This Awesome Four-legged Robot Does Backflips at MIT

MIT engineering students developed Mini Cheetah, a lightweight four-legged robot that runs faster than you walk. It also does a backflip.
Jessica Miley
MIT

We have seen robots climbing stairs while avoiding obstacles, and opening and holding doors for their robo-peers, but Mini Cheetah, MIT’s new droid is the very first four-legged robot able to do a backflip!

Mini Cheetah, the Lego-like gymnast

Researchers at MIT’s Department of Mechanical Engineering are constantly working on stuff that never fails to impress us. This time it is a rather small and lightweight four-legged robot. Mini Cheetah weights only twenty pounds, which might be a key element behind is capabilities.

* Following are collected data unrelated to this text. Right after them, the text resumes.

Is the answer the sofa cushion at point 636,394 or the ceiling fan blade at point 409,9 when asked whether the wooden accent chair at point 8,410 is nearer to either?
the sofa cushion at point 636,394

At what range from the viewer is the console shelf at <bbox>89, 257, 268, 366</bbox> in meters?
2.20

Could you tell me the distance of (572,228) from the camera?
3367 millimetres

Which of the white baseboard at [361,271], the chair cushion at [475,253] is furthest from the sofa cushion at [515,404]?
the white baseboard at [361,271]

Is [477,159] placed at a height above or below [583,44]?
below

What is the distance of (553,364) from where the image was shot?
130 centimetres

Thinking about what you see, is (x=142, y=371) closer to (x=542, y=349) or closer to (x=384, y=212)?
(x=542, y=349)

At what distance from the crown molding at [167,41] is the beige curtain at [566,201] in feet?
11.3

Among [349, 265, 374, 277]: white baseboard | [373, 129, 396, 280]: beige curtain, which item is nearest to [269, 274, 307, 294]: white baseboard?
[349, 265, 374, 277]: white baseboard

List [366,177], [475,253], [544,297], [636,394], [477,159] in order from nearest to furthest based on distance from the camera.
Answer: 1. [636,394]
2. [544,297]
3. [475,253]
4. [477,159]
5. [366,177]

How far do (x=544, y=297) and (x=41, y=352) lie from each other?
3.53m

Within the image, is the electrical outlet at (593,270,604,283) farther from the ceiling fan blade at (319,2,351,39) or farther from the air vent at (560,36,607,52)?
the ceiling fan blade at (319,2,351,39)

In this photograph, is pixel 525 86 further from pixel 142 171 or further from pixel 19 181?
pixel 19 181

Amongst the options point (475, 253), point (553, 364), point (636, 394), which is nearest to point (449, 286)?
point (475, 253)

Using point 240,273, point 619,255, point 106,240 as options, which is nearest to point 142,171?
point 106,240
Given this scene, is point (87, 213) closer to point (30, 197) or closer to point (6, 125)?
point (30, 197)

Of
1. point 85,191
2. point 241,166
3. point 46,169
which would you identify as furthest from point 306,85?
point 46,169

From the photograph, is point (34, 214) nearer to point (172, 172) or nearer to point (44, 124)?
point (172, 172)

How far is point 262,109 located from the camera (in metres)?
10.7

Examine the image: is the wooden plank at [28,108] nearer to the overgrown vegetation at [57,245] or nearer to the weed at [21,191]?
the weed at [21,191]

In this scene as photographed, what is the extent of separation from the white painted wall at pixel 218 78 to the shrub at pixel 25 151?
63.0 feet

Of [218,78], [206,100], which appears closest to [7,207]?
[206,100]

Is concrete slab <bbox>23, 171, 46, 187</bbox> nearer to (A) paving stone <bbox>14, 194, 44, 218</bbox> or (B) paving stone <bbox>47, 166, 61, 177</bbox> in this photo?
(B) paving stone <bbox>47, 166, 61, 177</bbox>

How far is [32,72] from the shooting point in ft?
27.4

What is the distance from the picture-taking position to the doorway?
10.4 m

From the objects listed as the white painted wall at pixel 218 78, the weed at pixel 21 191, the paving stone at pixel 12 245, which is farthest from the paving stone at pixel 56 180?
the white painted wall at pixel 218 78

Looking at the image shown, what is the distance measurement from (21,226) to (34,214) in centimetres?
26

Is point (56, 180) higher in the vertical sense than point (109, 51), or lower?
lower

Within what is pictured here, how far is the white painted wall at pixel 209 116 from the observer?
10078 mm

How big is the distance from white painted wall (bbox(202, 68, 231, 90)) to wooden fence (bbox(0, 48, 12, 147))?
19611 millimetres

The flexible quadruped runs faster than an average human walks; it swings and bends like a yogi and uses its rotating limbs to maintain perfect balance. Additionally, it emerges fast with a kung-fu-esque motion after being kicked to the ground performing an elbow-swing maneuver.

High-Modularity

Mini Cheetah is driven by three identical electric motors on each of its legs. Using off-the-shelf parts in the building of the robot helped to keep its cost low, thus, in case of a malfunction or accident for that matter -gymnastics is a dangerous activity- each element of the robot is easily replaceable.

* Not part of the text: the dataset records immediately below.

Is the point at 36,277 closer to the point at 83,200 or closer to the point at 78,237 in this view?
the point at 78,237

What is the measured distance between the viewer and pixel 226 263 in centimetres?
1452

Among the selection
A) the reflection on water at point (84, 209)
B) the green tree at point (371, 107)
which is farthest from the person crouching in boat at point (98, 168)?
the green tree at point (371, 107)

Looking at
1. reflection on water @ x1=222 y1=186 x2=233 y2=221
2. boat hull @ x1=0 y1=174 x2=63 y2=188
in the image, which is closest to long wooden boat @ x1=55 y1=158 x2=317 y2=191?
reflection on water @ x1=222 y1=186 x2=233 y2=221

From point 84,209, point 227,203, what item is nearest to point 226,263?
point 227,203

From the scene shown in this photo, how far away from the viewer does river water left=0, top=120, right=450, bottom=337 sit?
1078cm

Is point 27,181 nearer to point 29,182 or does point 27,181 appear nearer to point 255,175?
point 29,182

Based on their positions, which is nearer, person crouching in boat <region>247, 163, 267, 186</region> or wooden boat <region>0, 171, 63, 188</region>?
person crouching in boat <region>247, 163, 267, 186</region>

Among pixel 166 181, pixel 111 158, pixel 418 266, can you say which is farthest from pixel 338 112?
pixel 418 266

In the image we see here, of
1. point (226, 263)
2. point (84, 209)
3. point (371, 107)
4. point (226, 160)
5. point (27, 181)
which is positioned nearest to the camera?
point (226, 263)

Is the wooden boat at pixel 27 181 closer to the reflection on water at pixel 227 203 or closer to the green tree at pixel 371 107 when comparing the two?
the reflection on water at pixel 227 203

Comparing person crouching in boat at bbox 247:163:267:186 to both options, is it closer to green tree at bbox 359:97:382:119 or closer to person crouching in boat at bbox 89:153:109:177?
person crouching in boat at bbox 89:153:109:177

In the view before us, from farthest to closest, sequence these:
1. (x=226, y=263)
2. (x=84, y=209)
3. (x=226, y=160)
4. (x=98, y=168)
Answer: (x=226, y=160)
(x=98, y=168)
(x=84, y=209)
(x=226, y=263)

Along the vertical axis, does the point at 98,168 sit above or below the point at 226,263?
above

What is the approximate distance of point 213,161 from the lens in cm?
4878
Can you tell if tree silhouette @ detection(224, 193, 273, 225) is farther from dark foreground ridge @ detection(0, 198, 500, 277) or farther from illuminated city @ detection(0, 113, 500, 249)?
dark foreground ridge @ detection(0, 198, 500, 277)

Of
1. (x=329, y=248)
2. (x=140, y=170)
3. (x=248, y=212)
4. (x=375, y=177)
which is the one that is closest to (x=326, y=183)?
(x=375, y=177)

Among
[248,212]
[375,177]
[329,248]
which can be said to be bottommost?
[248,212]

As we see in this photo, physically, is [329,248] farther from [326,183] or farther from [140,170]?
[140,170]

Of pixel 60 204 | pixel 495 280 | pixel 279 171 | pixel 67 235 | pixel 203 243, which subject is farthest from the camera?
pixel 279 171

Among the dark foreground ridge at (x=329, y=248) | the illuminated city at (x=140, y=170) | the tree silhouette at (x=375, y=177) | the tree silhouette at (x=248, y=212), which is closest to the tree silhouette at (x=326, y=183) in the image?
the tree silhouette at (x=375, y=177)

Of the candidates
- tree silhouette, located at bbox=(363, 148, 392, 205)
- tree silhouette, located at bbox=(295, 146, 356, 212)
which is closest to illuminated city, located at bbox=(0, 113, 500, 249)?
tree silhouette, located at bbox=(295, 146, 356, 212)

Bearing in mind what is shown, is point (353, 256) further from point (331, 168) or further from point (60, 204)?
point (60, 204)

‘You could put these parts together, almost like Legos’, says lead developer Benjamin Katz. He designed the motors appropriating widely available tech used initially in drones. The three motors per legs design enable a surprisingly big range of motion.

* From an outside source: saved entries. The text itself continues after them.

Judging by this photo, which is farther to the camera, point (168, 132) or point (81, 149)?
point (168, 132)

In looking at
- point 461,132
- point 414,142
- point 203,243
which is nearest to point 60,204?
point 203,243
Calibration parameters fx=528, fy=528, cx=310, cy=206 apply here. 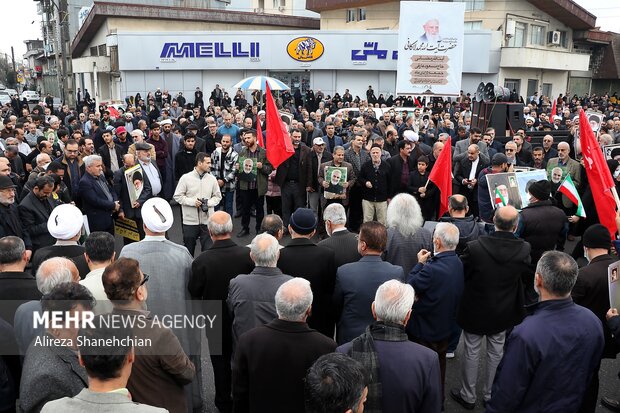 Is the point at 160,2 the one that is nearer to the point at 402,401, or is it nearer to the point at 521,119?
the point at 521,119

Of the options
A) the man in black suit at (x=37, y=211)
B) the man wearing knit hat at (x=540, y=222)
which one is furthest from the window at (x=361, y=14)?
the man in black suit at (x=37, y=211)

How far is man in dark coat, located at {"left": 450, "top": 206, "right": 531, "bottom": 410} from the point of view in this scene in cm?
441

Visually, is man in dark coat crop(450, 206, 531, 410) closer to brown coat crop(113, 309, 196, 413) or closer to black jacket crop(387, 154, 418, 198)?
brown coat crop(113, 309, 196, 413)

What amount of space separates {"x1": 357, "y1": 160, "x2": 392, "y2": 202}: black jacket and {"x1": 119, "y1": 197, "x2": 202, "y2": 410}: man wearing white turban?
473cm

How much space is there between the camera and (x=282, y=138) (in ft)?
27.6

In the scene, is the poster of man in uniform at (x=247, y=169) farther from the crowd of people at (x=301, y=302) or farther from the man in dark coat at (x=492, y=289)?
the man in dark coat at (x=492, y=289)

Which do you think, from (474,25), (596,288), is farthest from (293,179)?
(474,25)

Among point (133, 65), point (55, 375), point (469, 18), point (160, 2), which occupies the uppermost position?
point (160, 2)

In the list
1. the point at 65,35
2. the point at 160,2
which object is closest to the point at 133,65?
the point at 65,35

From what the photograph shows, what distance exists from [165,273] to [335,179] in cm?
473

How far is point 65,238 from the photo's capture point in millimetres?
4500

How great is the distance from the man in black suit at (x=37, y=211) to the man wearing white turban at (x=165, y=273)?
7.58 ft

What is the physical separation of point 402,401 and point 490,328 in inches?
77.7

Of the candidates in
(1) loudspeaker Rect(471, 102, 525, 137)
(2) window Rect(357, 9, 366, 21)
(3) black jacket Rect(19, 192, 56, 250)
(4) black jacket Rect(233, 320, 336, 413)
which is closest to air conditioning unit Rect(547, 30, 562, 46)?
(2) window Rect(357, 9, 366, 21) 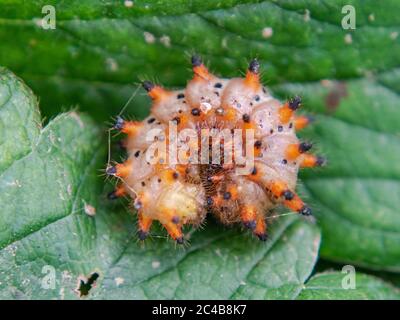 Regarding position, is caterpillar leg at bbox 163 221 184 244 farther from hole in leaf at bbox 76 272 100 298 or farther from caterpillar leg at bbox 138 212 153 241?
hole in leaf at bbox 76 272 100 298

Thanks to its high torque and low weight, Mini Cheetah is fast and dynamic while maneuvering, and it handles anything rough terrain can throw at it without breaking a limb or a gearbox. 

‘When it's running, its feet are only on the ground for something like 150 milliseconds at a time, (…) it can do really dynamic stuff like jump in the air with every step, or run with two feet on the ground at once.’ - technical associate Mr. Katz describes Mini Cheetah’s skillset still himself being excited about what he has just developed.

Experiment, and let others do the same!

Mr. Katz and his co-author Jared Di Carlo (an undergraduate at MIT) took a class together, taught by EECS Professor Russ Tedrake which inspired them to try to program the performance of a backflip.

So they optimized the Mini Cheetah’s program specifying all the torques of each individual motors, as well as the period between the start and stop on every twelve motors, and, as Katz remembers: ‘The first time we tried it, it miraculously worked!’

Katz and Di Carlo built Mini Cheetah in the lab of associate professor Snagbae Kim. The researchers will present their work at the International Conference on Robotics and Automation in May. They are building more Mini Cheetahs in order to loan them out to other research labs. Professor Kim believes in the open platforms and their potential to accelerate research.

‘Eventually, I’m hoping we could have a robotic dog race through an obstacle course, where each team controls a mini cheetah with different algorithms, and we can see which strategy is more effective.’

The young inventors never stop going beyond. They are currently working on a landing controller so that the robot would be able to steadily land on its feet after a big throw.

‘Say you wanted to throw the robot into the window of a building and have it go explore inside the building. You could do that. - said Mr. Katz.